╔══
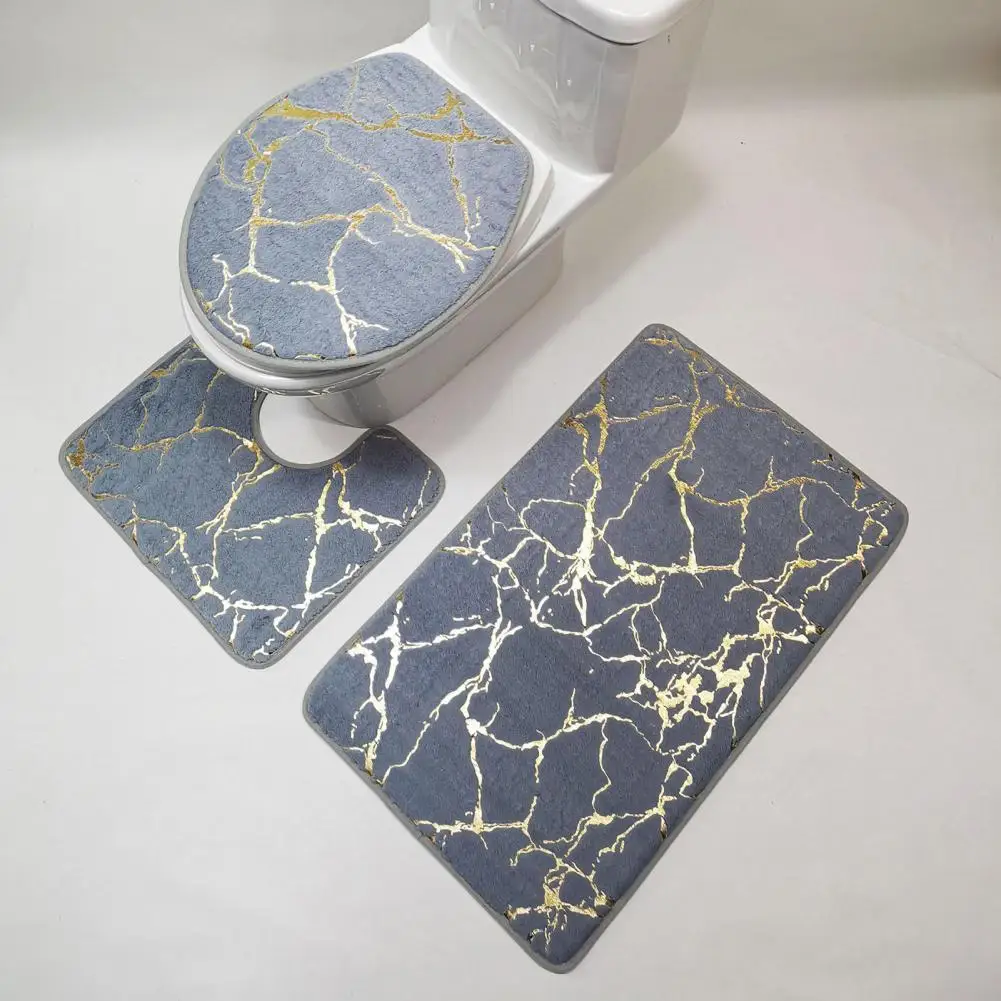 

3Pcs/Set Non-slip Toilet Carpet Quick Dry Polyester Marble Toilet Lid Cover Bathroom Rug for Home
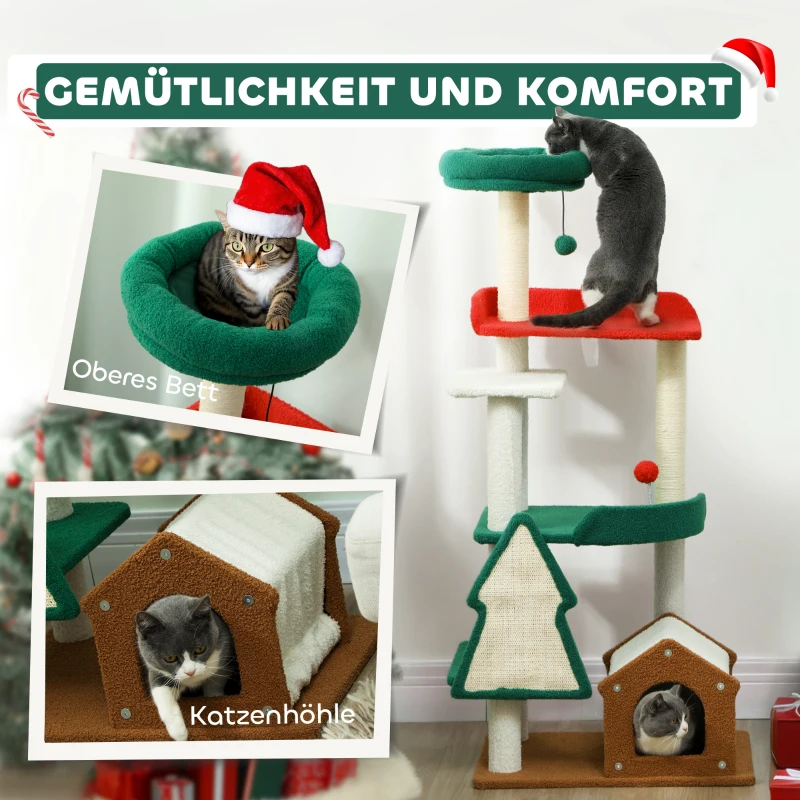 PawHut 135 cm Hoge Kerstkrabpaal met Kattenbed, Kattenhol, Krabpalen, Springplatforms, Speelballen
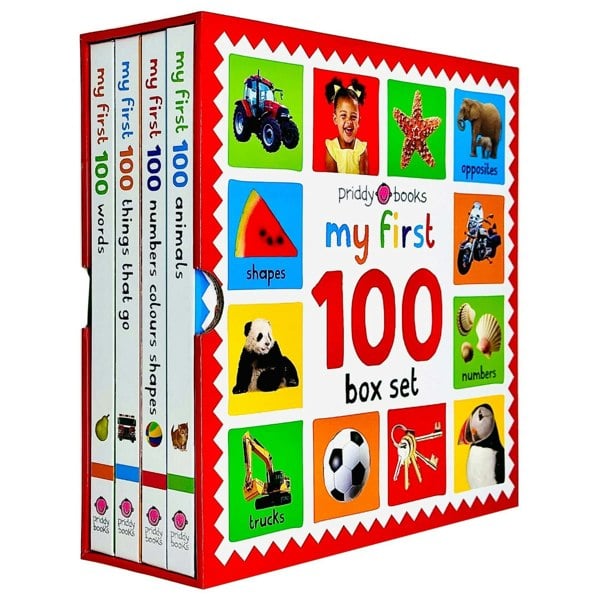 My First 100 Board Book Set: First 100 Words, Numbers Colors Shapes, Animals, things that Go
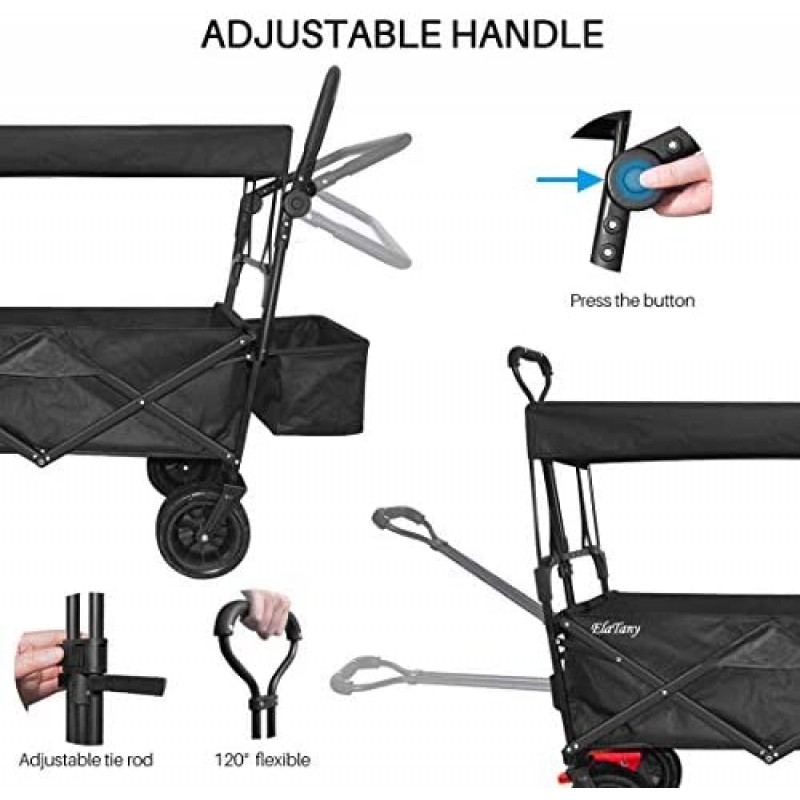 Elatany Carro utilitario plegable para exteriores, resistente, plegable, con freno, ruedas grandes y toldo para comestibles, playa, negro, capacidad de carga de 176 libras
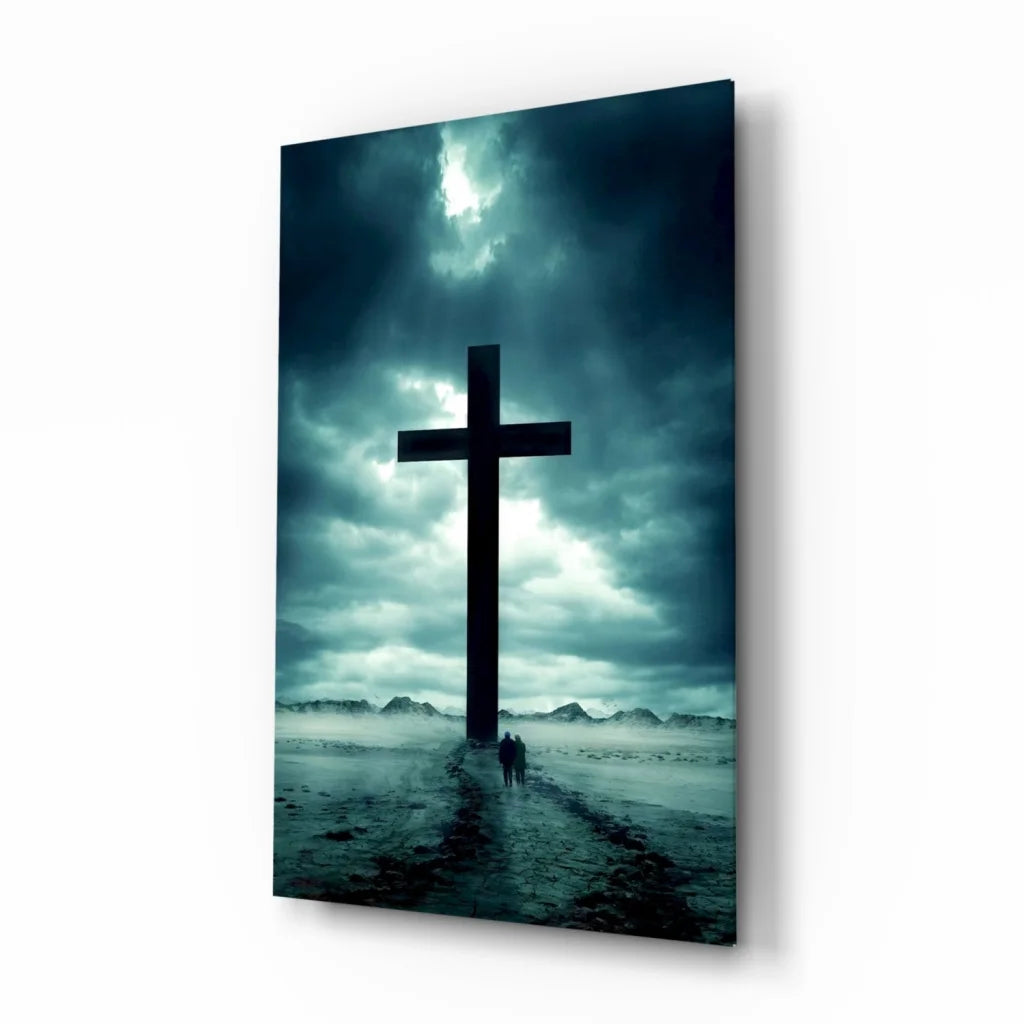 Glowing black cross glass wall art with dramatic sky background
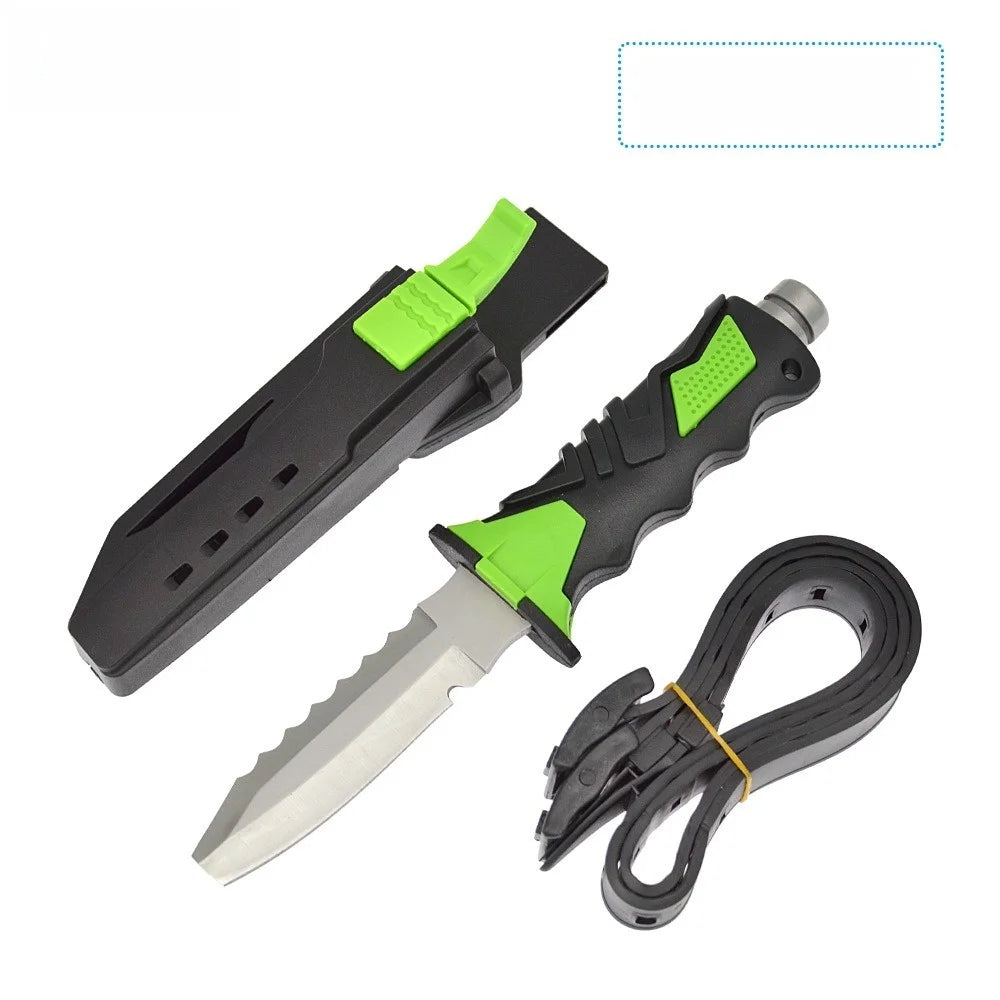 Dive Rescue Knife | Stainless Steel Fixed Blade | Leg Strap Mount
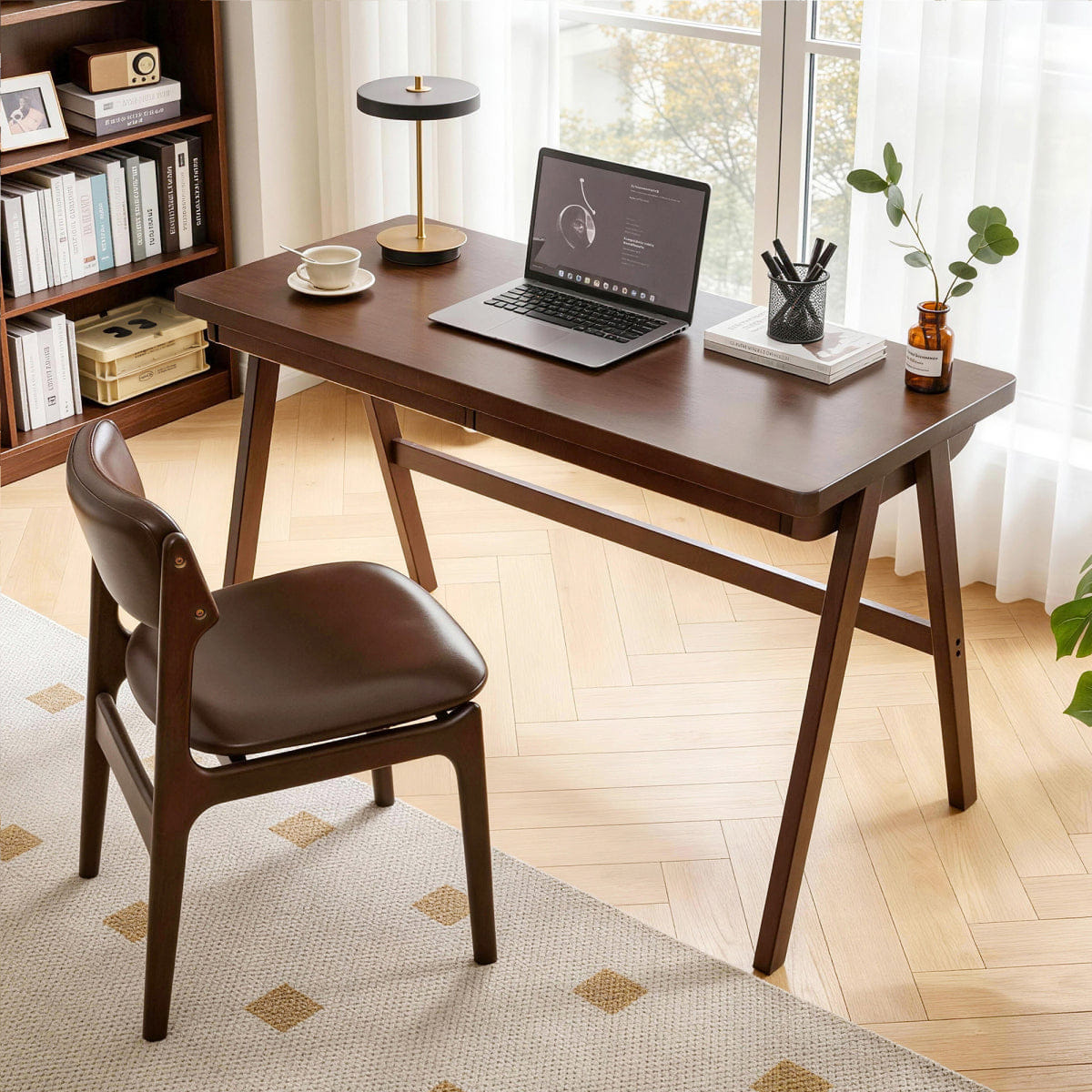 Drawer Streamdale Solid Rubber Wood Retro Writing Desk with Drawer, 39.37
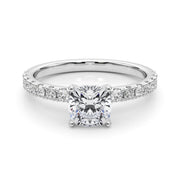 Sophisticated Remount Rng Round Diamond Engagement Ring in 10K/14K gold and platinum with certified lab-grown or natural diamonds
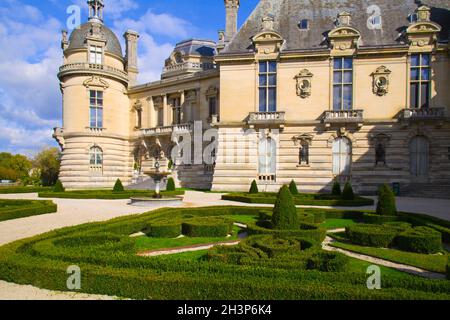 Francia, Ile-de-France, Chantilly, Château, Parterre de la Volière, giardino, Foto Stock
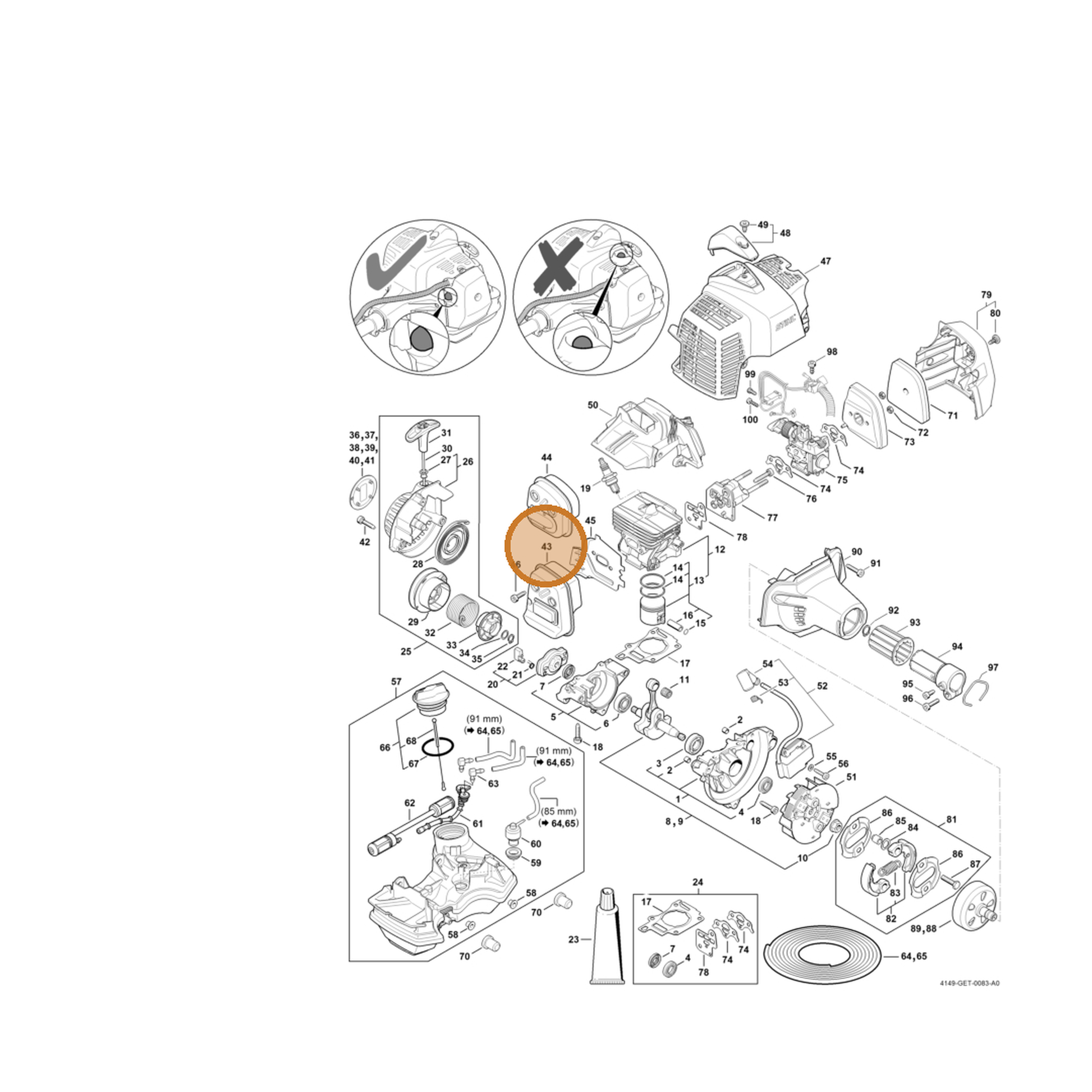STIHL part 4149-140-0609 — IPL diagram snippet (6x zoom, amber highlight)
╚══
Task statement | From the records above, transcribe exactly the lines starting at the one containing "Elatany Carro utilitario" and ending at the one containing "Dive Rescue Knife". Skip the pictures.

Answer section |
 Elatany Carro utilitario plegable para exteriores, resistente, plegable, con freno, ruedas grandes y toldo para comestibles, playa, negro, capacidad de carga de 176 libras
 Glowing black cross glass wall art with dramatic sky background
 Dive Rescue Knife | Stainless Steel Fixed Blade | Leg Strap Mount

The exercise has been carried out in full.